O amor dos tempos modernos é uma cozedura rápida em lume brando. Serve-se em copo meio cheio, que é como quem diz meio vazio, e é posto de parte e substituído à primeira comichão. Mas tu e eu sabemos que o amor não é para ser vivido nem rápida, nem brandamente. E é para fazer comichão, que amor que é amor é intenso!
Gostava de ter nascido há cinquenta anos atrás só para te escrever uma carta de amor. Só pela aventura de investigar desenfreadamente a tua morada, pelo desafio de escolher as palavras certas, à tua medida, e pelo sabor de a deixar finalmente no correio. Pela ânsia da espera e pela imaginação do teu sorriso quando a lesses. Sim, isso valer-me-ia todo o trabalho, todo o tempo.

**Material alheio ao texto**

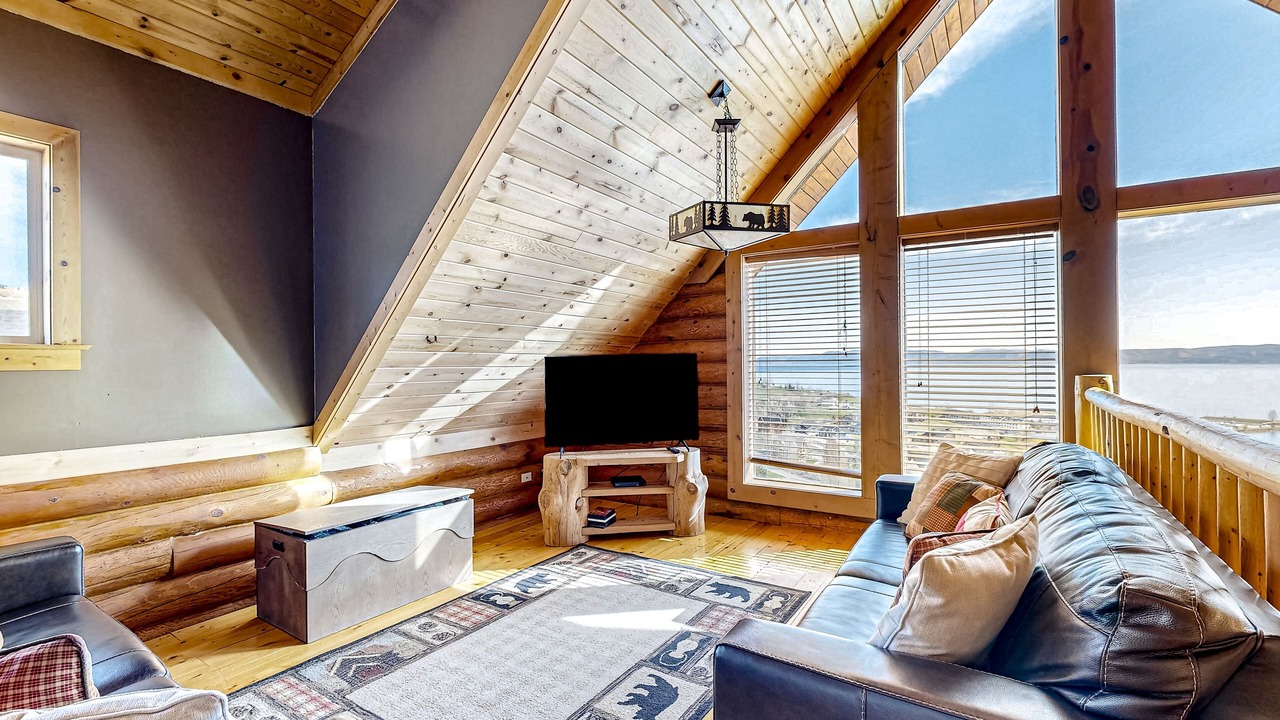 Photo of Livingroom in Harbor Village
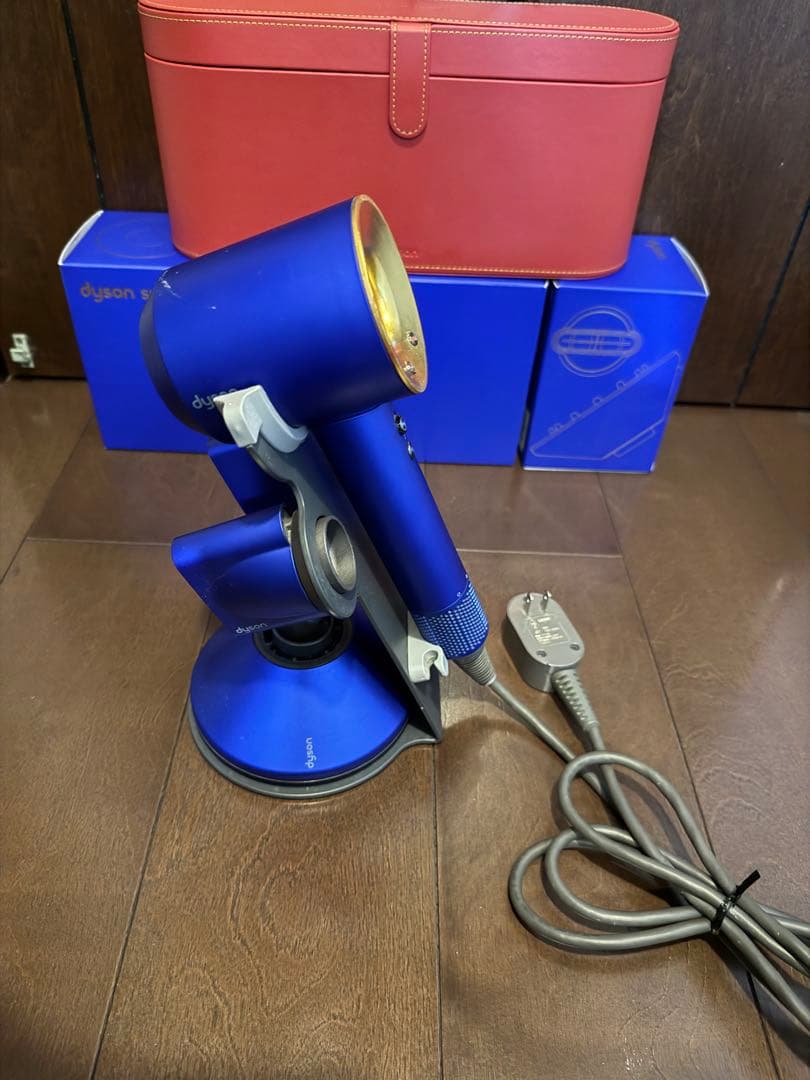 ダイソン スーパーソニック イオニック ヘアードライヤー 23.75K金箔　限定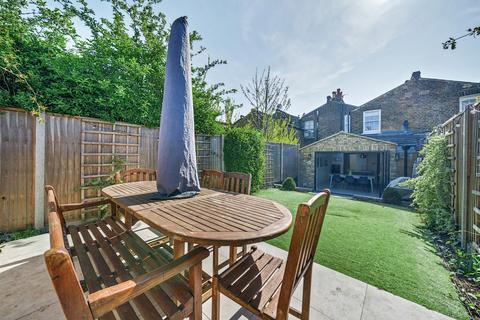 8 Admiral Street, London, SE8 4HY
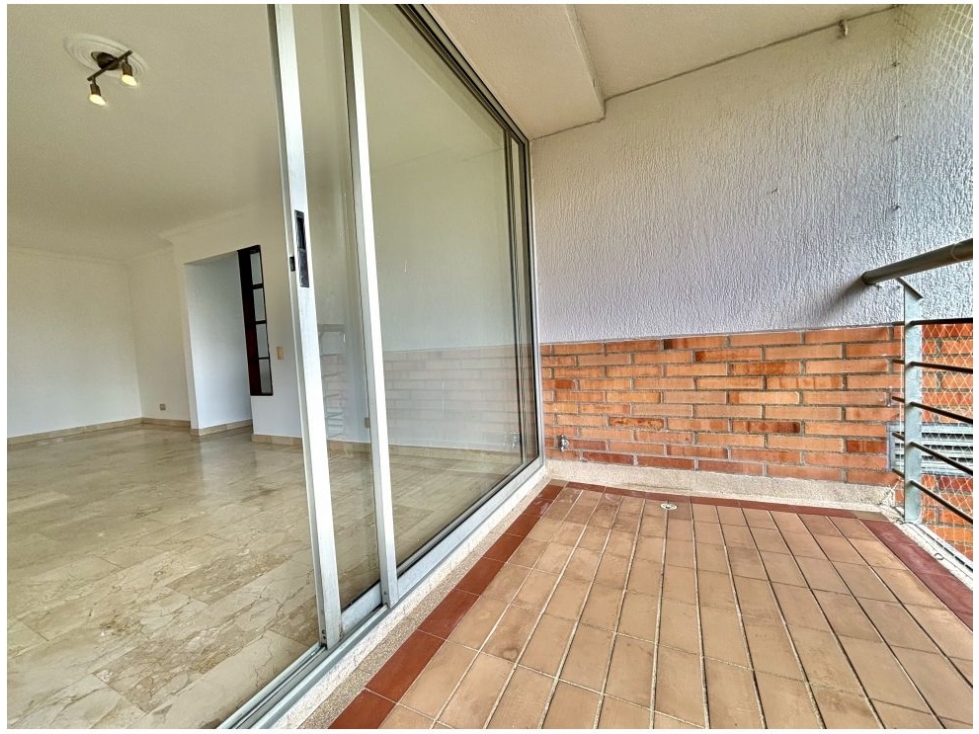 Apartamento en venta en El Poblado, Medellín · foto 21 de 24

Mas hoje... Hoje não há tempo. Não há tempo para dedicar à nossa dita cara-metade, que hoje é uma e amanhã é outra; que as marés e os ventos vêm e voltam, sopram e levam umas coisas e trazem outras. Hoje é, com sorte, uma fotografia no Facebook, pirosa, foleira, enquanto se vê a bola com os amigos ou enquanto se vai às compras com as amigas; uma enxurrada de palavras melosas retiradas do Google e coladas a cuspo açucarado na publicação, ou numa mensagem pelo WhatsApp, com um relatório de entrega e por fim um Snap da cara-metade do momento a agradecer.
Perdeu-se a alma, perdeu-se a magia, e eu por mim, que sou pelo amor, não consigo sequer pensar em não te dedicar uma parte do meu dia. Todas as partes do meu dia, até, porque eu inteiro sem ti sou vazio. Podia passar horas a escrever-te, horas a escrever sobre ti, porque não passo sem esse sorriso que me ilumina e me incendeia e não vivo sem esse espírito indomável que te habita.
Por isso, sim. Gostava genuinamente de ter nascido há cinquenta anos atrás. Escrevia-te à mão uma carta de amor onde quer que parasses neste mundo, nem que tivesse eu próprio de o atravessar de uma ponta à outra.